Blending Passions

Hoi-Fei Mok ’10

A photo portrait of Hoi-Fei Mok '10

Photo by Julia Kim

Photo by Julia Kim

Hoi-Fei Mok ’10 once saw themselves as someone with three separate interests: environmental science, social justice, and art. But now, Hoi-Fei, a self-described “artist, community organizer, and climate policy practitioner,” has found ways to bring these areas together.

A biological chemistry major at Wellesley, Hoi-Fei became interested in environmental studies senior year. Then they received a Katharine Malone Prize for Academic Excellence, allowing them to pursue an environmental science Ph.D. at the University of Melbourne, studying wastewater reuse for agricultural irrigation in regional cities. From Australia, Hoi-Fei returned to their hometown in the Bay Area to be a CivicSpark AmeriCorps fellow, focusing on sustainability and environmental action.

Meanwhile, Hoi-Fei’s interest in social and racial justice grew. They had come out at Wellesley and joined Tea Talks, a social-support group for LGBTQIA+ students of Pan-Asian descent, and then joined another queer Asian group in Melbourne. In California, they got involved with Lavender Phoenix, an organizing space for transgender, nonbinary, and queer Asians and Pacific Islanders. Hoi-Fei began to see how environmental issues directly impacted marginalized populations and began to blend their social justice activism with climate equity work.

Hoi-Fei, who had always been interested in making art, was also named a Yerba Buena Center for the Arts Fellow and an Intercultural Leadership Institute Year 4 Fellow.

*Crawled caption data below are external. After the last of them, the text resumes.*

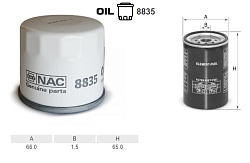 Масляный фильтр NAC NAC-8835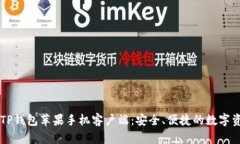 全方位解析TP钱包苹果手机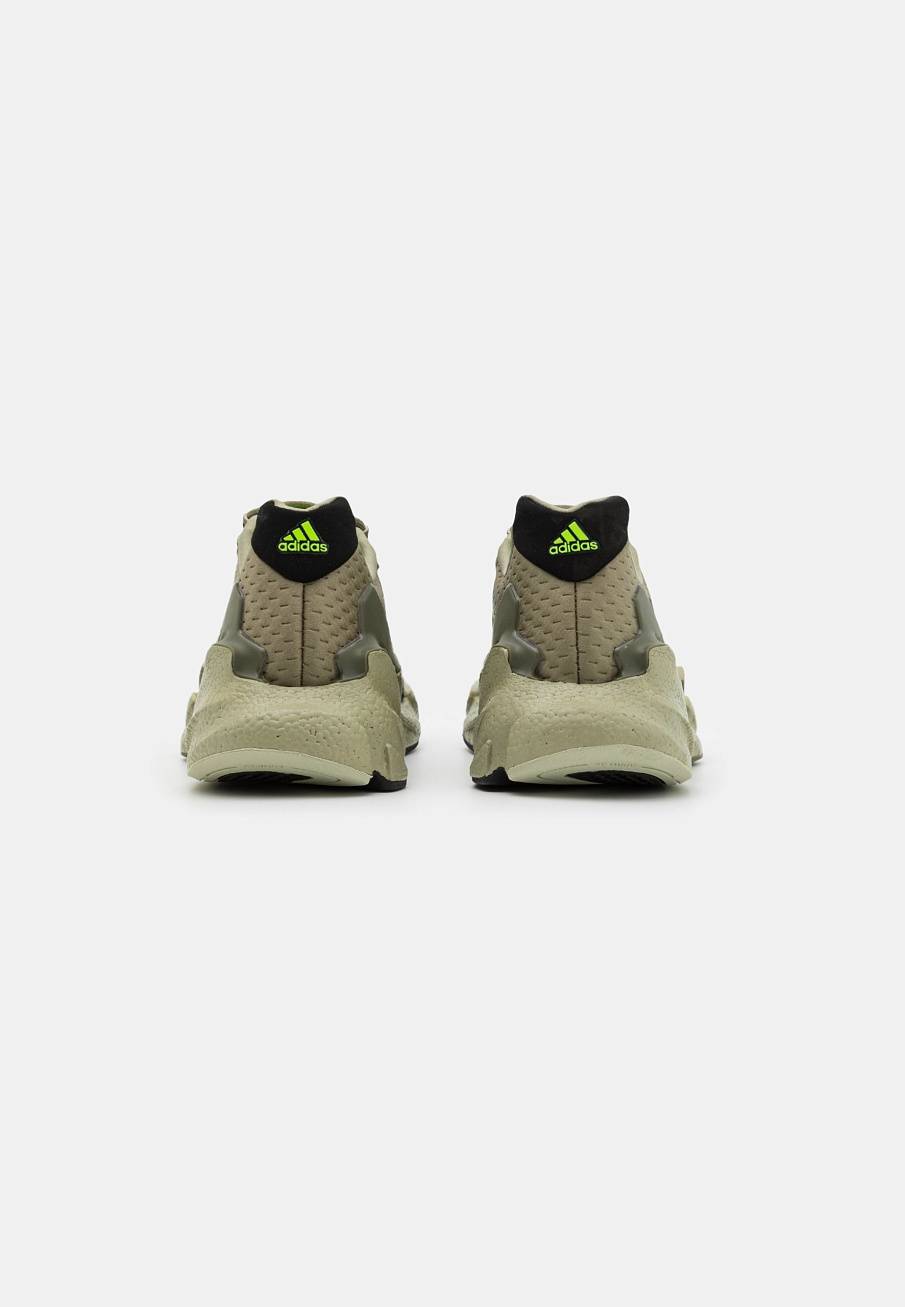Фото № 3 с приближением к товару «‎Adidas Cold.rdy»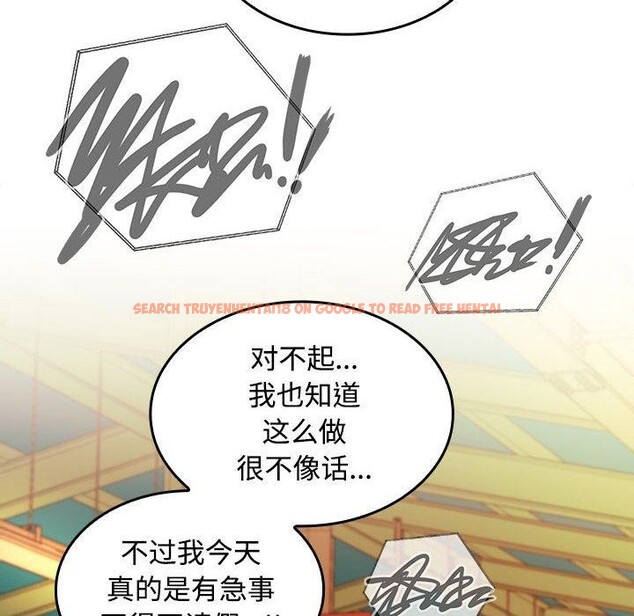 查看漫画在公司偷偷愛 - 第45話 - tymanga.com中的3166288图片
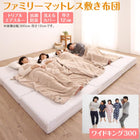 ファミリーマットレス敷布団 ワイドK300 厚さ12cm 厚さが選べる 高通気・抗菌防臭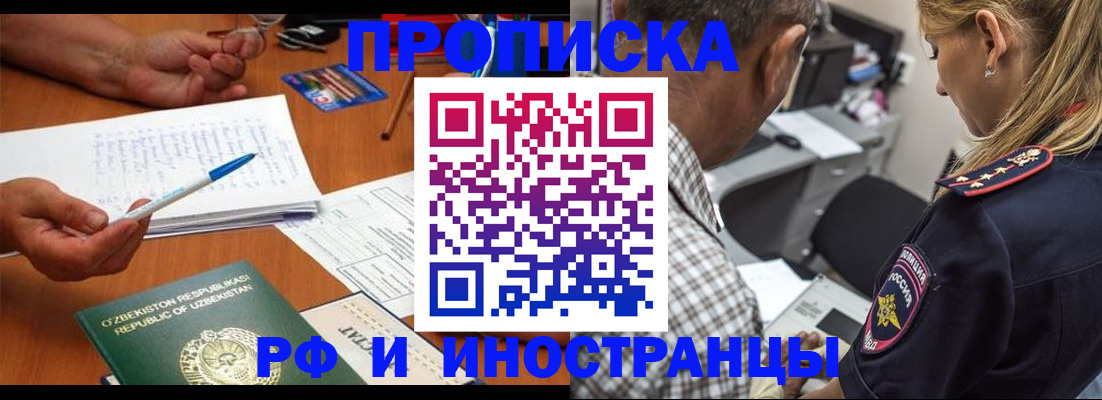 прописка в квартире в Александровске-Сахалинском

Interacting with other artists of color, they saw how art could be a vehicle to talk about social justice and politics, connecting art with their climate work.

“It feels authentic to be doing all these things at once,” says Hoi-Fei, who now is the sustainability manager for the City of San Leandro, Calif.

It took a while to get to this place, though—Hoi-Fei was unemployed for over a year and recalls applying for 120 jobs in six months. “Know that your life doesn’t have to look like everyone who usually gets profiled in the magazine,” Hoi-Fei says.

Finding your mission is a long-term struggle, they say. “It’s a marathon, so pace yourself and know your capacity and strengths and skills. And find ways to replenish your joy. I’ve sunk over 200 hours into playing [the video game] Baldur’s Gate,” Hoi-Fei says, laughing. “Sometimes you just have to transform into a bear and fight some goblins.”